In fin dei conti se uno ha del tempo da perdere e con la vaga prospettiva di un pur parco guadagno, la cosa potrebbe avere anche un suo fascino: un modo per ingannare il tempo e fare nuove amicizie (avete mai notato quanto sono carine le commesse dei negozi e le cameriere nei bar? Credete sia una casualità?).
Ma alla mia memoria si affaccia il ricordo delle giornate brumose, piovose, nevicose di quando il Vostro faceva l’editoriale ed il suo peggior incubo era di essere colpito da un provvidenziale infarto nel cuore dell’inverno, sul far della sera; avevo già sceto la lochescion e la situescion: Pisa, tra via Serafini e via Curtatone e Montanara, precisamente sul Lungarno Pacinotti, stroncato nel fiore degli anni (non fate facili ironie, preo) mentre inseguivo un prof.!

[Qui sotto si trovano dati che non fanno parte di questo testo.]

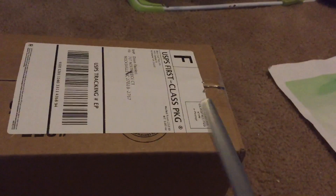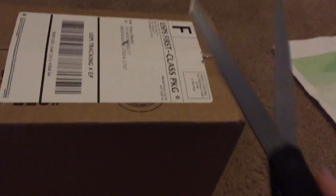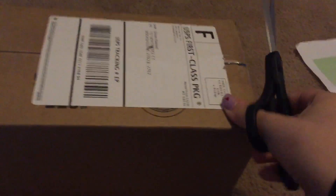Hello guys, Yoki4664 here, and I am back for another unboxing video. I got something off eBay again, and we're just gonna unbox this real quick.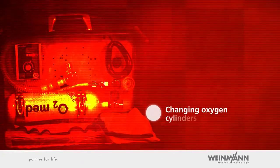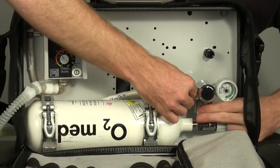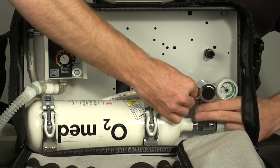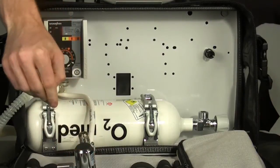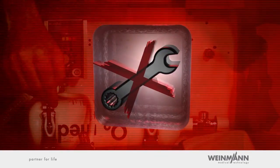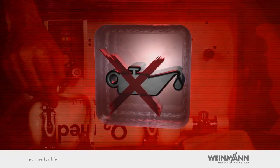Changing oxygen cylinders. To change cylinders, unscrew the pressure reducer from the oxygen cylinder. Before you loosen the screw, make sure that all the pressure has been released from the pressure hose system. You'll make the removal of the pressure reducer unnecessarily difficult if you don't release residual pressure in the line. Important: the tightening and loosening of all connections must be done only by hand. The device should always be kept free of oil and grease.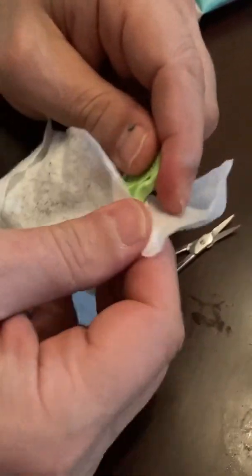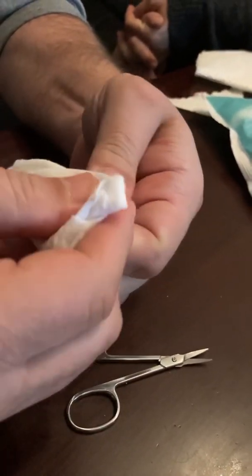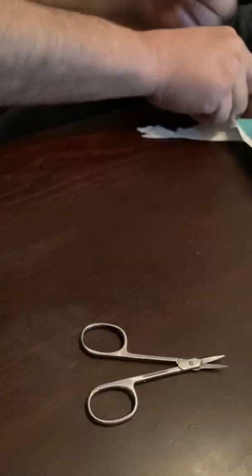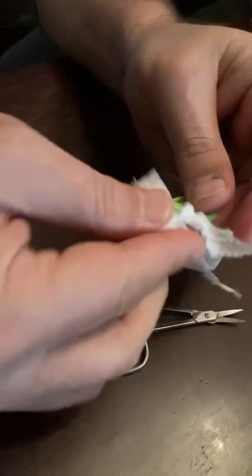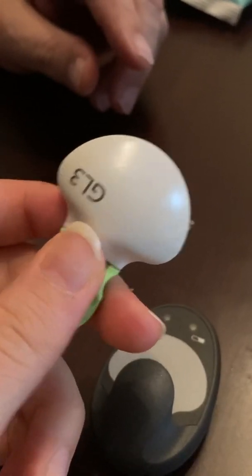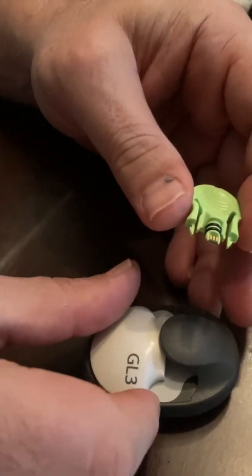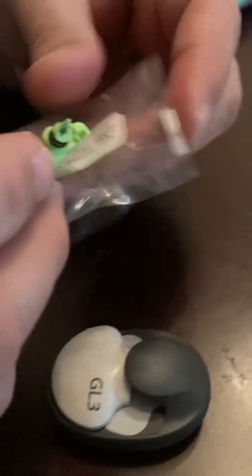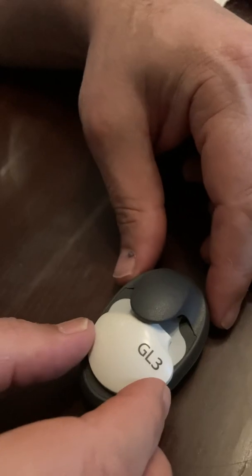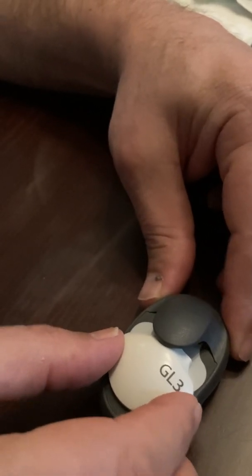Now we're cleaning it. We cleaned it with a wet napkin and now we're going to dry it with a normal napkin. Once you're totally sure it's clean, you can remove this protective apparatus and connect it with the charger. Make sure your hand is straight and the transmitter is straight, in a firm and flat position.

La Elena, forte della sua esperienza, ha lasciato le scarpe col tacco 12 in auto cambiandoli sagacemente con dei sandaletti (l'esperenza docet, non per nulla è lei la trainer e noi i trainati), ma la giovane ed inesperta Giorgia cerca di star in equilibrio sui suoi tacchetti e, di tanto in tanto perde l’equilibrio: non vi fa tenerezza?
Morena, dopo una settimana di full immersion, è in solitaria e famelica cerca di prede.
Dopo una mezz’orata siamo in centro paese: negozi di abbigliamento, cartolerie, altri bar, un paio di studi di studi professionali, …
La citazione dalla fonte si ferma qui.